* Required work
Would you print the lines below exactly, beginning at the line that has "Tonelli Design" and stopping after the line that has "VINTAGE SNCF JOUEF"? Only those lines, and no pictures.

(Stored entries)

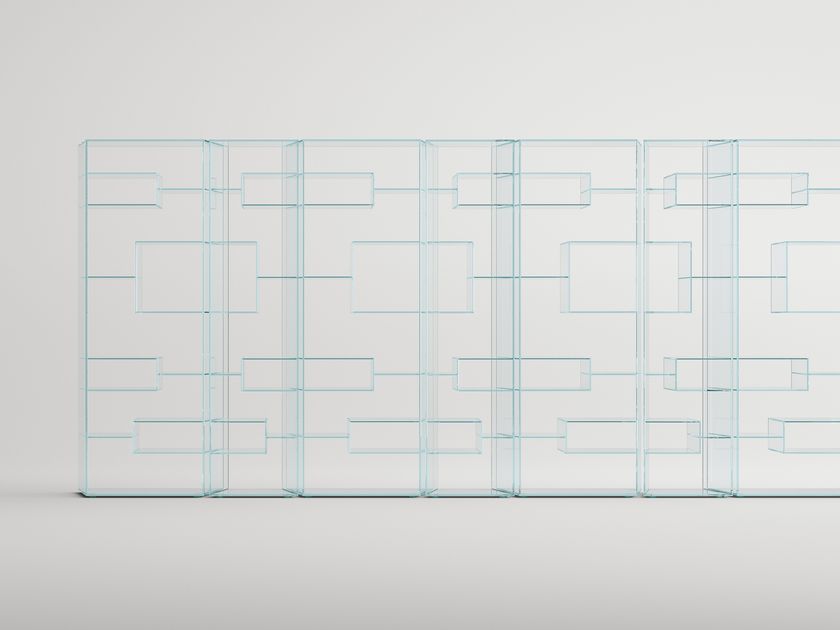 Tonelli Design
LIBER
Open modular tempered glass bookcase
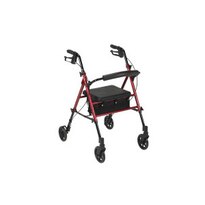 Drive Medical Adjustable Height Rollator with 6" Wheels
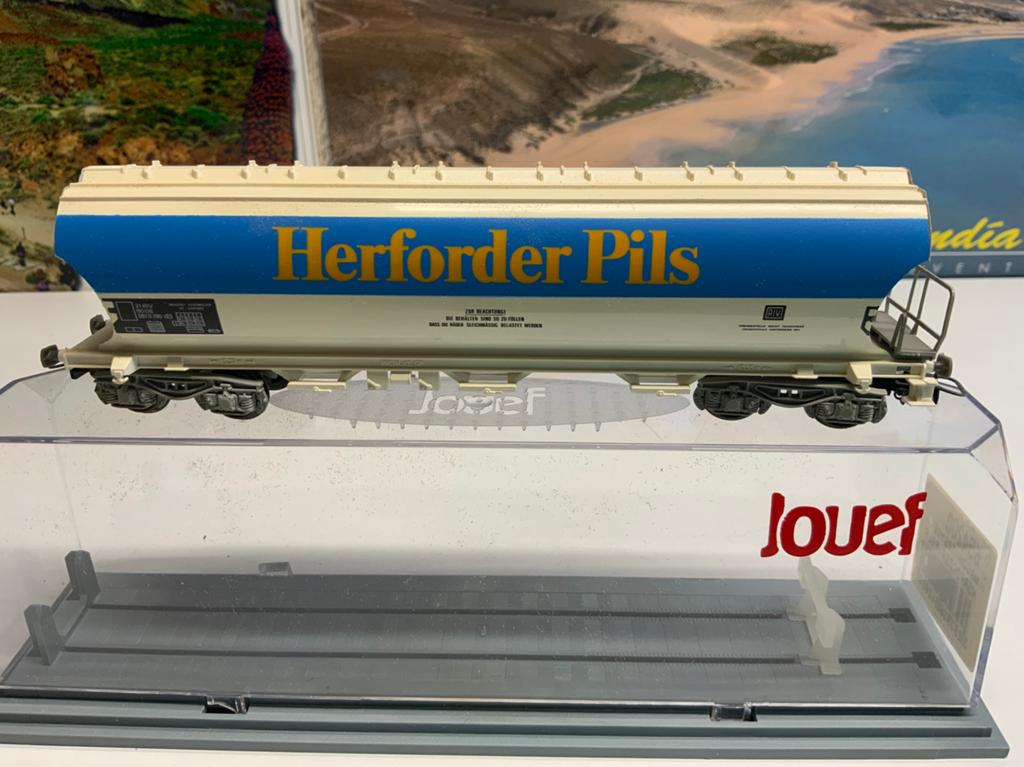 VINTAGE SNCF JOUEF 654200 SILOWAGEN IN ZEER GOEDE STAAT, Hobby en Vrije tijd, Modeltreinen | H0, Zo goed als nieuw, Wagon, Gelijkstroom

* * *

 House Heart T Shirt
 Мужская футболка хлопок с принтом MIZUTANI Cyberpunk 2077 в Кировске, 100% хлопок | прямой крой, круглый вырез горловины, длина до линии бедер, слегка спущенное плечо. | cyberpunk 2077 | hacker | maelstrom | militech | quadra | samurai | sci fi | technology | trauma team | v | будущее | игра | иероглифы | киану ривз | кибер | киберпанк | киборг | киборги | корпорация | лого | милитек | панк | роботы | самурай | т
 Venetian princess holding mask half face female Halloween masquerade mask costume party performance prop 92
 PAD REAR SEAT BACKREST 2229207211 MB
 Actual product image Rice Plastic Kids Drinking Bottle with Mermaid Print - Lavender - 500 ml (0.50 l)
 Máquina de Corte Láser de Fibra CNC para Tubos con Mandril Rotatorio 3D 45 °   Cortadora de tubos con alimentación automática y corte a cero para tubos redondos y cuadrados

* Solution for this task
 Tonelli Design
LIBER
Open modular tempered glass bookcase
 Drive Medical Adjustable Height Rollator with 6" Wheels
 VINTAGE SNCF JOUEF 654200 SILOWAGEN IN ZEER GOEDE STAAT, Hobby en Vrije tijd, Modeltreinen | H0, Zo goed als nieuw, Wagon, Gelijkstroom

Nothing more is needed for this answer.